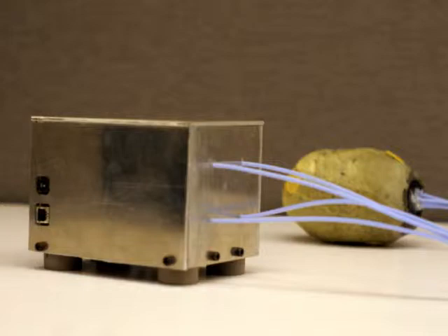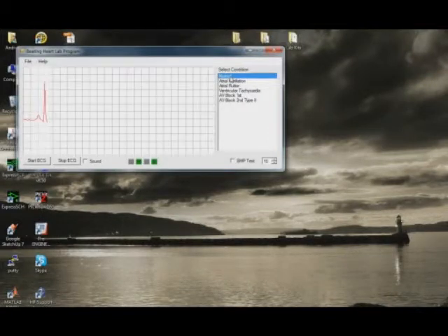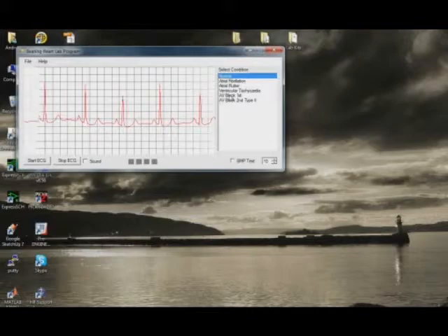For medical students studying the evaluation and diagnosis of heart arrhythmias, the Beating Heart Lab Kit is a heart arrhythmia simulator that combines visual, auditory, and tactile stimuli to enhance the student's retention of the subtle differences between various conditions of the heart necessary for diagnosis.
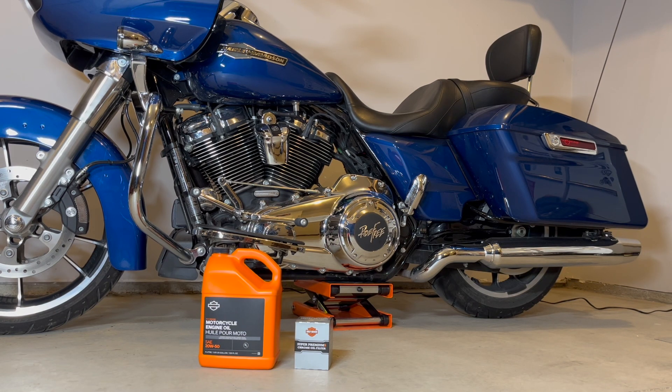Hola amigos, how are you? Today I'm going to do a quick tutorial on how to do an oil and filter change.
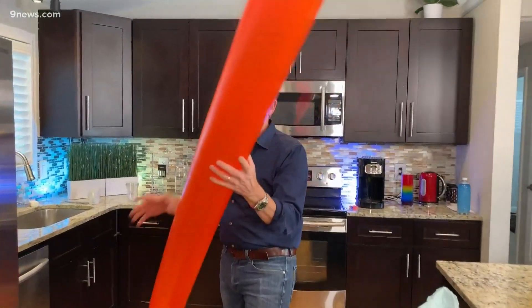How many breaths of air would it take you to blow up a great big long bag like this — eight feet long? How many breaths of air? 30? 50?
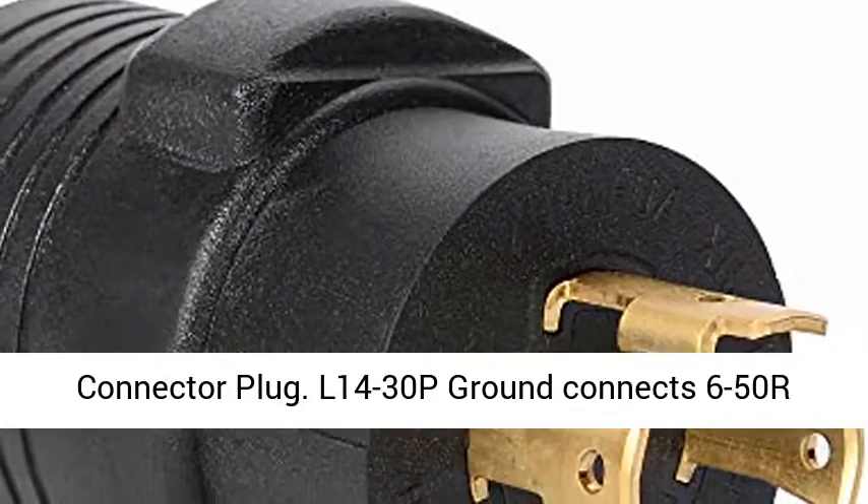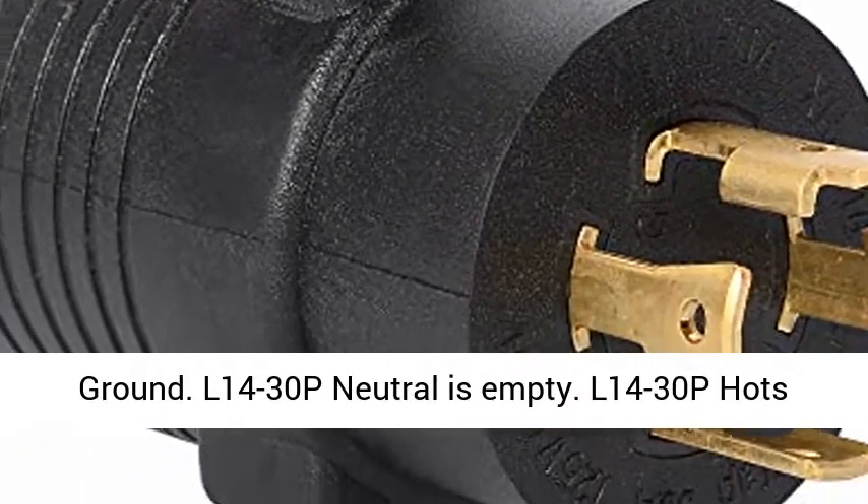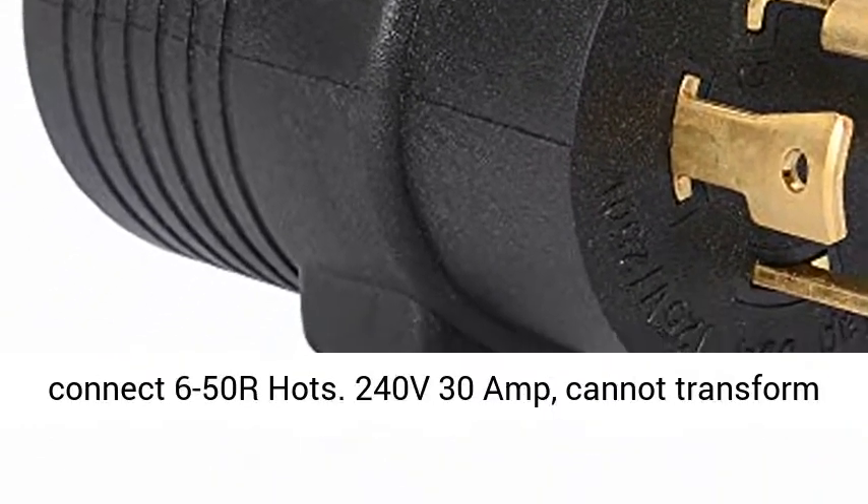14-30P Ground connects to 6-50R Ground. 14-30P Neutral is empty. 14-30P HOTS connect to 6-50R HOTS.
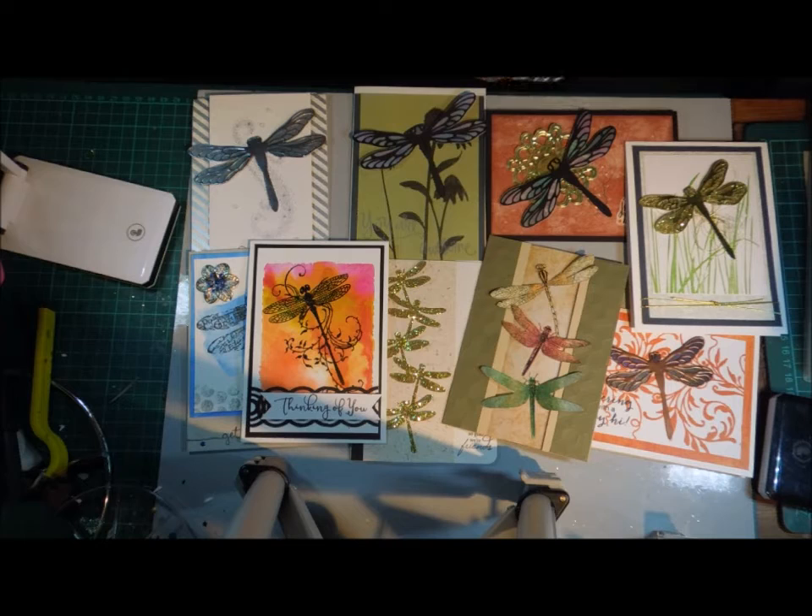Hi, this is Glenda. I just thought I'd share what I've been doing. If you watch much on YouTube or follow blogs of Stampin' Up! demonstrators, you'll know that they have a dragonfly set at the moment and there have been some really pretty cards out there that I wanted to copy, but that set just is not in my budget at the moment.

What the exercise asks: Repeat the lines above exactly, and keep every picture out.

Answer to this problem:
For medical students studying the evaluation and diagnosis of heart arrhythmias, the Beating Heart Lab Kit is a heart arrhythmia simulator that combines visual, auditory, and tactile stimuli to enhance the student's retention of the subtle differences between various conditions of the heart necessary for diagnosis.
Hola amigos, how are you? Today I'm going to do a quick tutorial on how to do an oil and filter change.
How many breaths of air would it take you to blow up a great big long bag like this — eight feet long? How many breaths of air? 30? 50?
14-30P Ground connects to 6-50R Ground. 14-30P Neutral is empty. 14-30P HOTS connect to 6-50R HOTS.
Hi, this is Glenda. I just thought I'd share what I've been doing. If you watch much on YouTube or follow blogs of Stampin' Up! demonstrators, you'll know that they have a dragonfly set at the moment and there have been some really pretty cards out there that I wanted to copy, but that set just is not in my budget at the moment.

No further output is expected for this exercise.